WP 20/08 Jing Xing and Eddy H.F.Tam, Fell by the Wayside: Trade integration and policy choices of local governments
Research Highlight 2020
Trade integration and changes in local business environment
Trade integration between countries may lead governments to adopt different tax policy for businesses when there is competition for international capital. This research examines if trade integration within a country would similarly induce changes in the local business environment and policies, by considering intercity transport infrastructure that lowered trade cost between different regions of a country.
As connectedness between different regions increases, metropolitan areas become more economically advantageous because of agglomeration forces. By contrast, less economically vibrant areas lose out and may engage less in pro-business policies to compete for firms and businesses. This research empirically examines how the rollout of country-wide expressways in China between 1996 and 2010 may have affected the local business environment and policy choices, including effective tax rates and subsidies experienced by firms in different local regions.

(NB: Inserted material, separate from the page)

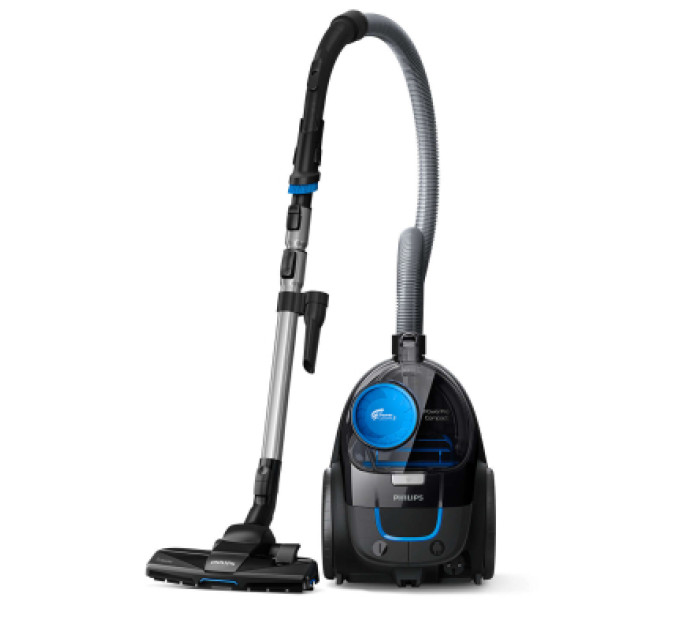 Philips Пилосос Philips FC9331/09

It finds that when the peripheral counties are connected to the national transportation network, firms experienced higher effective tax rates and received less automatic subsidies, which the local government could instead make available to businesses via discretionary measures. Business-related public spending and the degree of competition in the peripheral counties also reduced.
The research therefore suggests that trade integration by intercity transportation infrastructure could affect the provision of pro-business policies by local governments. It finds that when trade integration happens within a country, the business environment could become less favourable for firms in economically less vibrant areas as local governments change their set of policies for business.